She is a Sarah Palin-lookalike who stunned the political establishment by snatching the Republican Party's Senate nomination in Delaware on behalf of the anti-government Tea Party.
But Christine O'Donnell's startling admission from a decade ago that she "dabbled into witchcraft" has come back to haunt her since her upset victory in a Republican primary contest over shoo-in Mike Castle, raising inevitable questions about her suitability for public office.
Revelations about her personal life have been picked up by none other than the Republican uber-strategist known as "Bush's brain", Karl Rove. He pointed out that the reason for her failure to break ahead in the polls against her Democratic rival in the November elections, Chris Coon, was because of these issues.
So who is Christine O'Donnell? She is a political lobbyist and ultra-conservative pundit who founded a moral advocacy group, the Saviour's Alliance for Lifting the Truth.
The last time she ran for office, against Delaware's veteran Senator Joe Biden (now US Vice-President) two years ago, she picked up just a handful of votes. Now the 41-year-old is a household name. But she now faces an official complaint that she allegedly used campaign funds to pay her rent and personal expenses, and has had to explain troubling omissions in her CV.
Then came the videos.

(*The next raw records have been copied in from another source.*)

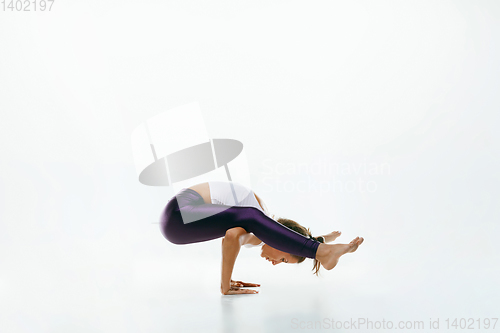 Image of Sporty young woman doing yoga practice isolated on white background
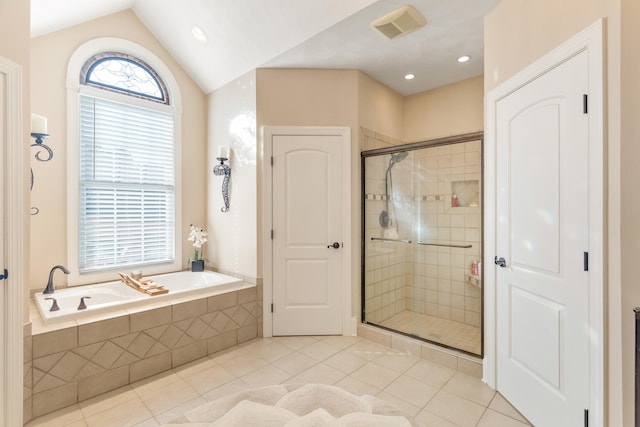 bathroom featuring tile patterned flooring, separate shower and tub, and vaulted ceiling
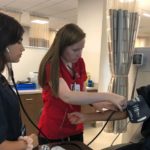 students taking blood pressure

The latest is a TV clip from 1999 in which she says she never joined a witches' coven, but "one of my first dates with a witch was on a Satanic altar".
Before that, she had been shown declaring that masturbation is a sin.
After the previously unknown video about witchcraft surfaced, O'Donnell abruptly decided to cancel scheduled appearances on the Sunday TV talk shows, having discovered that she had more urgent business in Delaware.
Biden himself has warned Democrats not to take her victory lightly.
"Gird your loins for anything: it's not likely to be a straightforward debate," he warned party workers in the state last week.
O'Donnell has accused the former senator of ordering her telephone to be tapped in one of her earlier two bids to unseat him.
In a radio interview last week, she said Biden had conducted a smear campaign against her, hinting that a tax investigation which discovered that she owed US$12,000 in unpaid taxes was politically motivated.
The big question, of course, is whether the Tea Party will harm the mainstream Republicans or the Democrats on November 3 at a time when the Democrats are fearful of losing control of the House of Representatives and possibly even the Senate. The Tea Party extremists are anti-government, anti-tax but above all anti-Obama. One influential Republican who has aligned himself with Tea Party positions, Senator Jim DeMint of South Carolina, spoke for the Tea Party over the weekend when he charged that Democratic policies were "left of Europe".
In the cradle of free enterprise this is a serious insult. But he also warned that the Republican Party would be "dead" unless it embraced conservative values. He is an O'Donnell fan.
For now, the Tea Party agenda in terms of a political platform is not clear.
The party is still a grass-roots movement rather than an organised party with recognised leaders, although the sparky former Governor of Alaska, Palin, has taken on the mantle of the party pasionaria with her message of "restoring" America.
She was keynote speaker at a "non political" rally in Washington staged by TV personality Glenn Beck which attracted tens of thousands of people this month.
Most of the 43 candidates whom she has endorsed in the primaries season - including O'Donnell - have been successful.
This has further fuelled speculation about Palin's ability to secure the Republican presidential nomination in 2012 even though the polls consistently show that she is not considered a credible candidate by voters, or by the Republican Party establishment.